Source data:
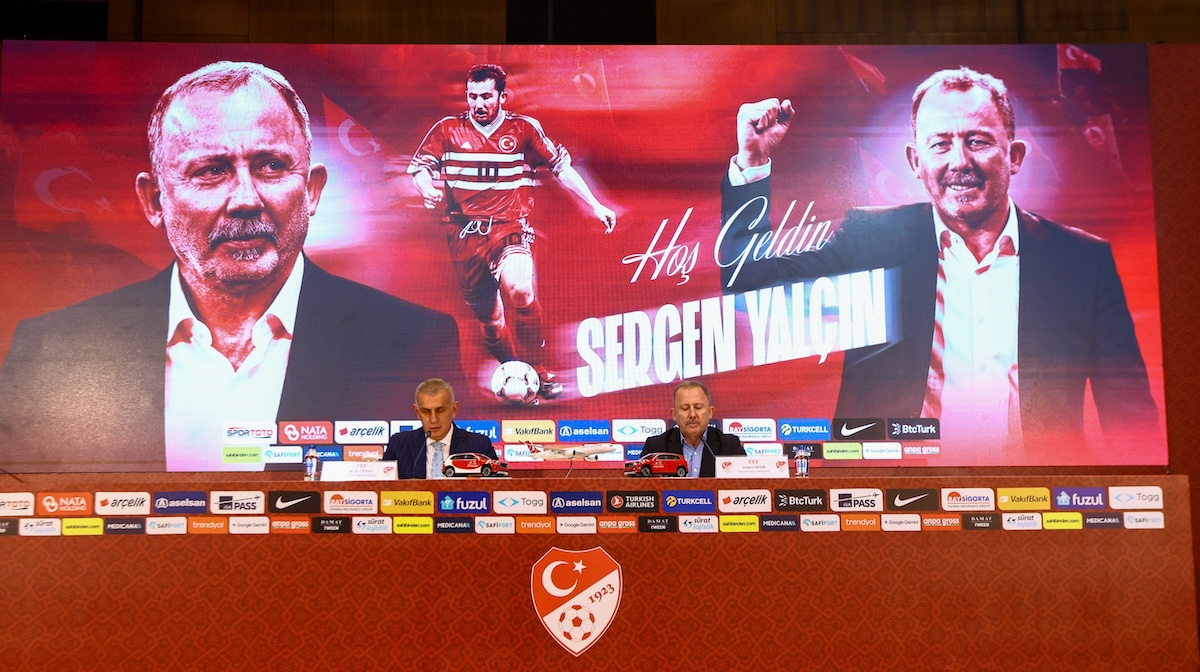 Offizieller Festakt in Riva: Sergen Yalcin unterschreibt und wird neuer türkischer Nationaltrainer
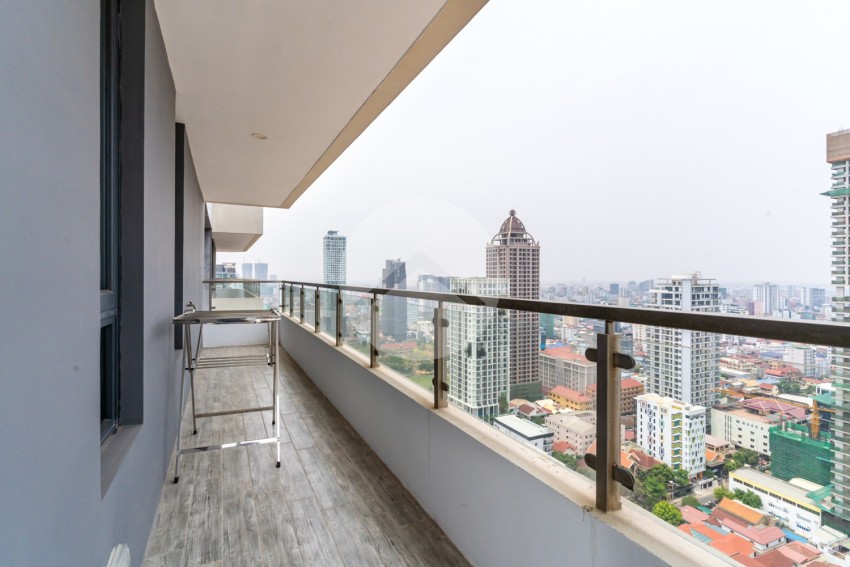 4 Bedroom Duplex Penthouse For Rent - BKK1, Phnom Penh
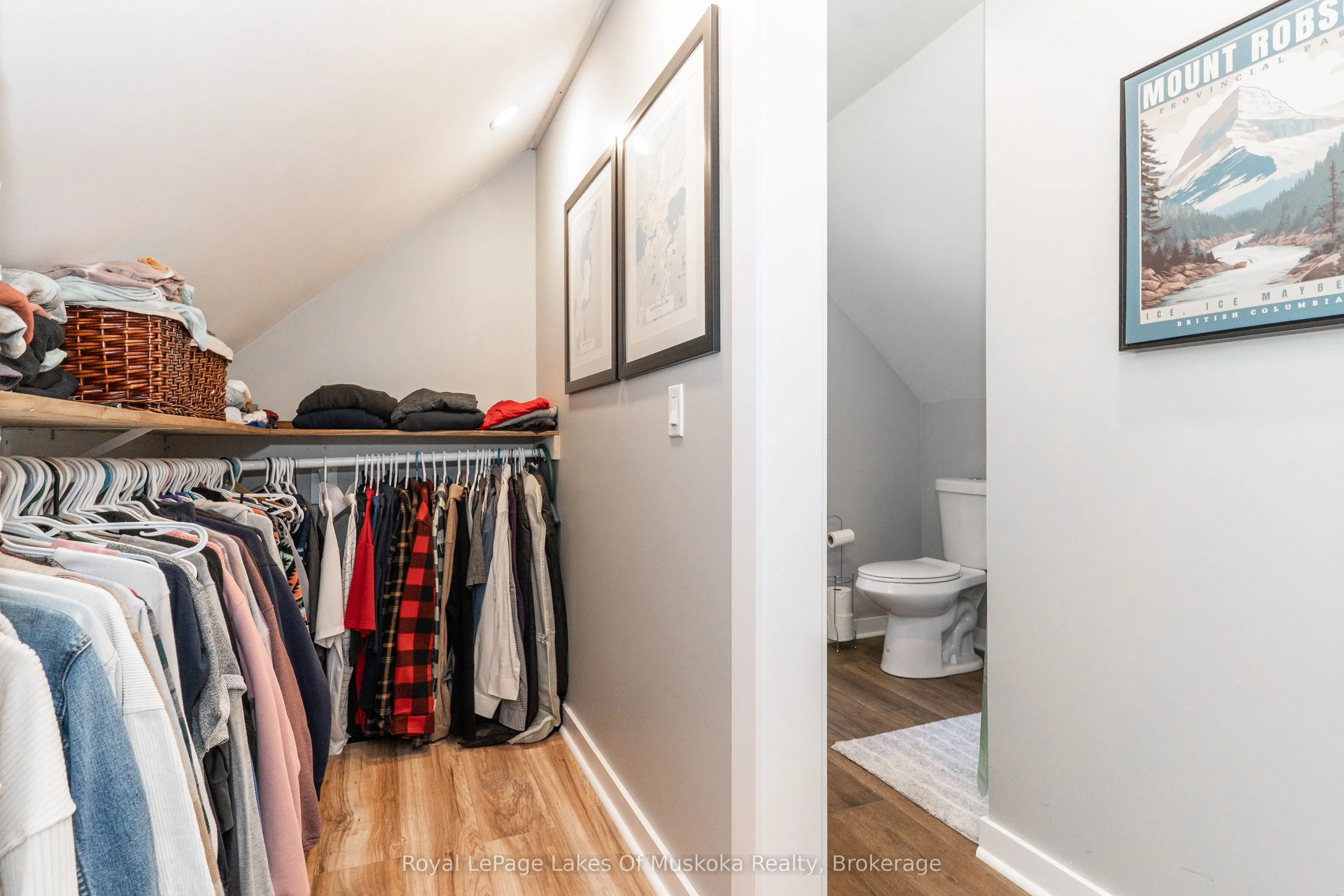 31 Florence Street W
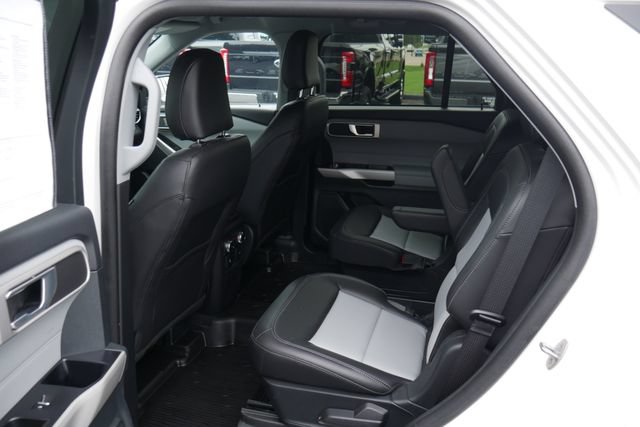 Used 2023 Ford Explorer XLT w/ Equipment Group 202A AWD/4WD image 25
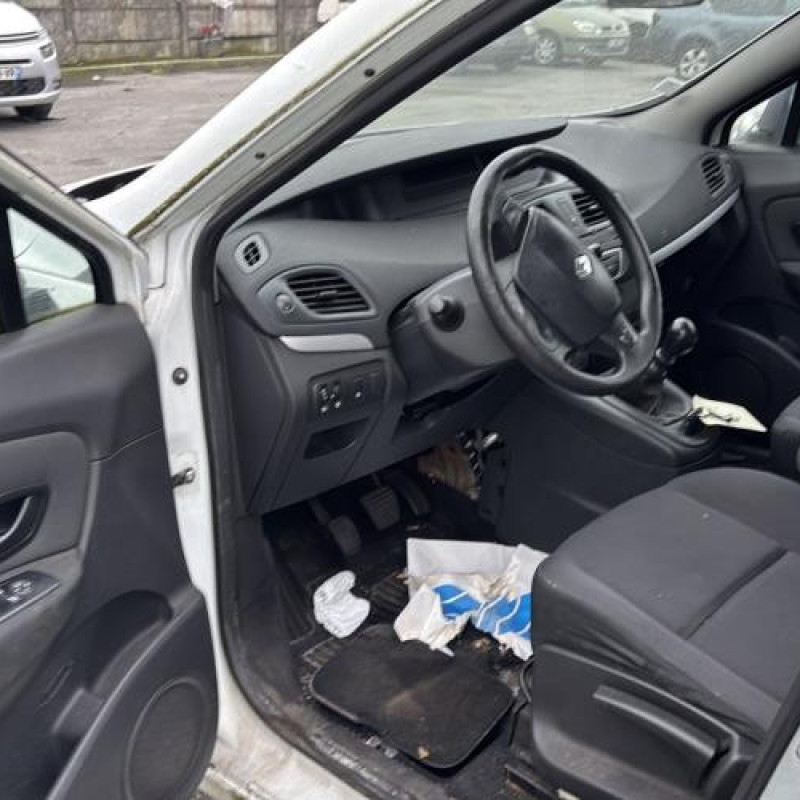 Feu arriere principal droit (feux) RENAULT SCENIC 3 Photo n°9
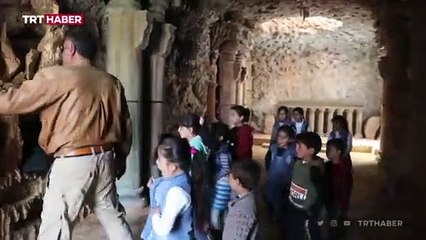 Mağarayı sanat galerisine çevirdi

PROBLEM> Write out exactly the lines from the one that contains "Used 2023 Ford" through the last line of the data above, both included. Leave every picture out.

EXERCISE SOLUTION>
 Used 2023 Ford Explorer XLT w/ Equipment Group 202A AWD/4WD image 25
 Feu arriere principal droit (feux) RENAULT SCENIC 3 Photo n°9
 Mağarayı sanat galerisine çevirdi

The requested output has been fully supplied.